### Activity
Please print the full listing exactly.

-------------------------

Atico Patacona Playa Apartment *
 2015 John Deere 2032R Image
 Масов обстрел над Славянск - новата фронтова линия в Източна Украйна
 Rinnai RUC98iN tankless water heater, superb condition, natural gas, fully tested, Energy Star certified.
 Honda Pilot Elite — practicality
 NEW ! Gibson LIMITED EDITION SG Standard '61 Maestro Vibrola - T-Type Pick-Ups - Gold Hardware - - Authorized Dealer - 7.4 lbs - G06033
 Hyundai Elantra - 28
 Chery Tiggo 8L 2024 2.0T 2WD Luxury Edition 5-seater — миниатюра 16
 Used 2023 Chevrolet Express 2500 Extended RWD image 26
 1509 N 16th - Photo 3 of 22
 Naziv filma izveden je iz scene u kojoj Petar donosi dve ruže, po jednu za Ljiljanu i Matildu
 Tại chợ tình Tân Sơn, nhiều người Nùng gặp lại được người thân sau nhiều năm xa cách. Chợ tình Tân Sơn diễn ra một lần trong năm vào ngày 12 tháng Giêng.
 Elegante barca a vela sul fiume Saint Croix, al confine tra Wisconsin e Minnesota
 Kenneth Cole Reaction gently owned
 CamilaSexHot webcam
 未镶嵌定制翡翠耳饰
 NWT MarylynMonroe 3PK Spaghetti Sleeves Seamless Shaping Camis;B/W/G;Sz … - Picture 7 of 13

-------------------------

### Written answer
Atico Patacona Playa Apartment *
 2015 John Deere 2032R Image
 Масов обстрел над Славянск - новата фронтова линия в Източна Украйна
 Rinnai RUC98iN tankless water heater, superb condition, natural gas, fully tested, Energy Star certified.
 Honda Pilot Elite — practicality
 NEW ! Gibson LIMITED EDITION SG Standard '61 Maestro Vibrola - T-Type Pick-Ups - Gold Hardware - - Authorized Dealer - 7.4 lbs - G06033
 Hyundai Elantra - 28
 Chery Tiggo 8L 2024 2.0T 2WD Luxury Edition 5-seater — миниатюра 16
 Used 2023 Chevrolet Express 2500 Extended RWD image 26
 1509 N 16th - Photo 3 of 22
 Naziv filma izveden je iz scene u kojoj Petar donosi dve ruže, po jednu za Ljiljanu i Matildu
 Tại chợ tình Tân Sơn, nhiều người Nùng gặp lại được người thân sau nhiều năm xa cách. Chợ tình Tân Sơn diễn ra một lần trong năm vào ngày 12 tháng Giêng.
 Elegante barca a vela sul fiume Saint Croix, al confine tra Wisconsin e Minnesota
 Kenneth Cole Reaction gently owned
 CamilaSexHot webcam
 未镶嵌定制翡翠耳饰
 NWT MarylynMonroe 3PK Spaghetti Sleeves Seamless Shaping Camis;B/W/G;Sz … - Picture 7 of 13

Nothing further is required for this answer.